Start of Supplied data
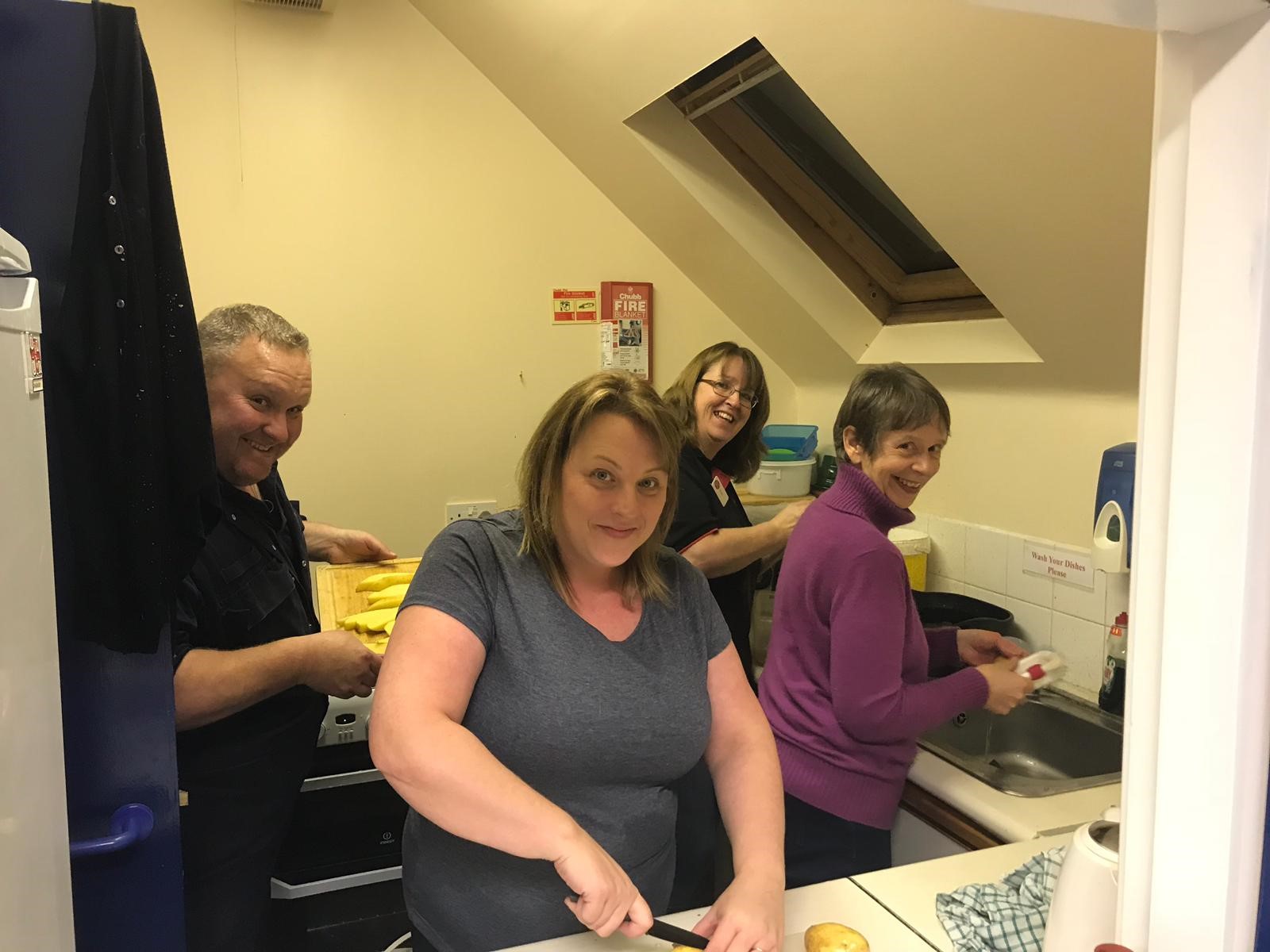 Tobermory RNLI crew, fundraisers and family prepare 90kg of potatoes for Fish Supper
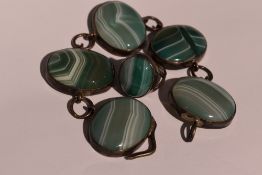 A green stripe agate bracelet having five oval panels in white metal mounts with chain links, no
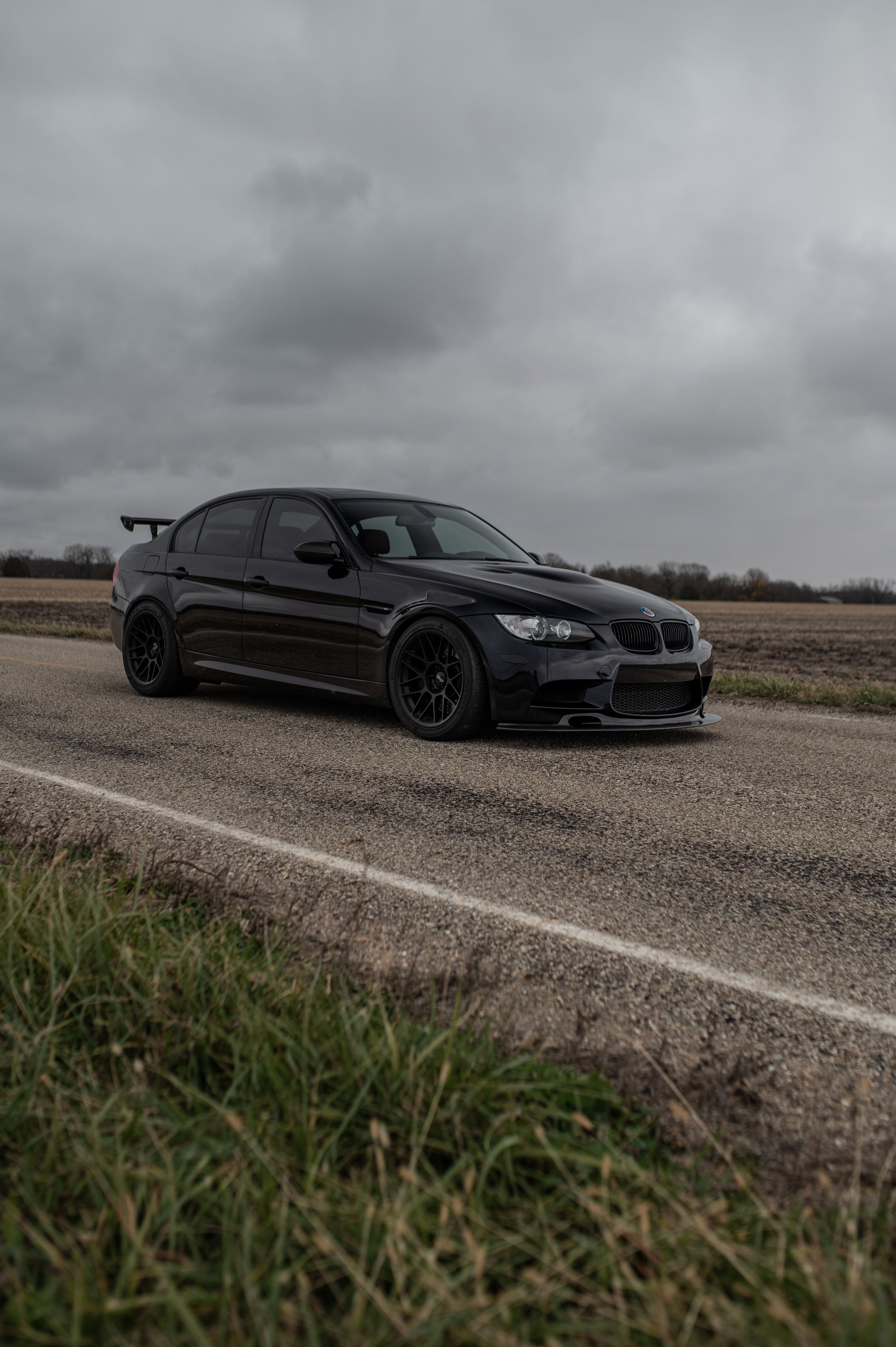 Black BMW E90 Sedan M3 with 18" ARC-8 Apex wheels in Satin Black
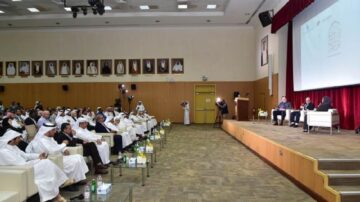 مؤتمر يجمع مجموعة من الحضور في قاعة كبيرة، حيث يجلس المتحدثون على المنصة أمام جمهور يتكون من رجال ونساء يرتدون الأزياء التقليدية. الجدار الخلفي مزين بصور شخصيات بارزة، والإضاءة تركز على المتحدثين.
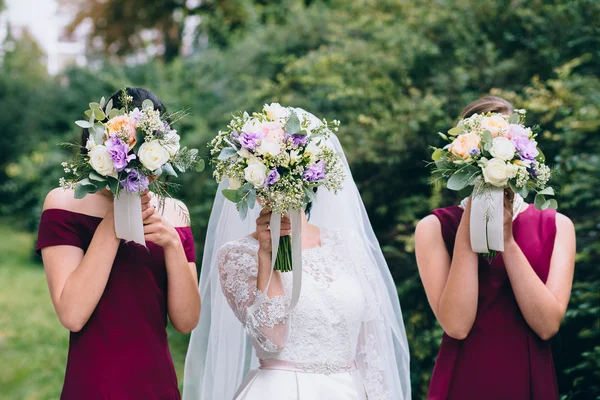 Noiva e damas de honra segurando buquês — Fotografia de Stock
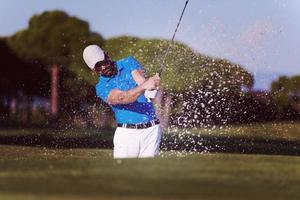 golfista profissional acertando um tiro de bunker de areia foto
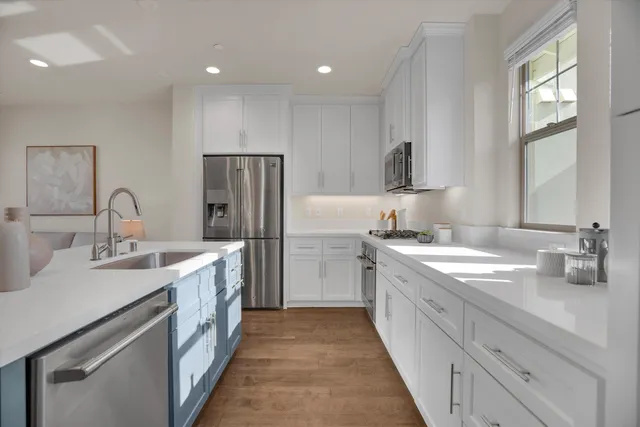 a kitchen with a sink stove and refrigerator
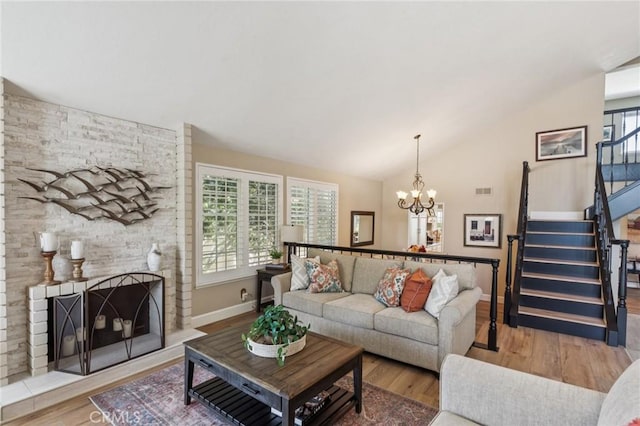 27201 Via Aurora, Mission Viejo, CA 92691 - living area with plenty of natural light, wood finished floors, vaulted ceiling, stairway, and a chandelier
End of Supplied data
Write out again, word for word, the lines from the one holding "Noiva e damas" through the final line of the listing, including both ends but no pictures.

 Noiva e damas de honra segurando buquês — Fotografia de Stock
 golfista profissional acertando um tiro de bunker de areia foto
 a kitchen with a sink stove and refrigerator
 27201 Via Aurora, Mission Viejo, CA 92691 - living area with plenty of natural light, wood finished floors, vaulted ceiling, stairway, and a chandelier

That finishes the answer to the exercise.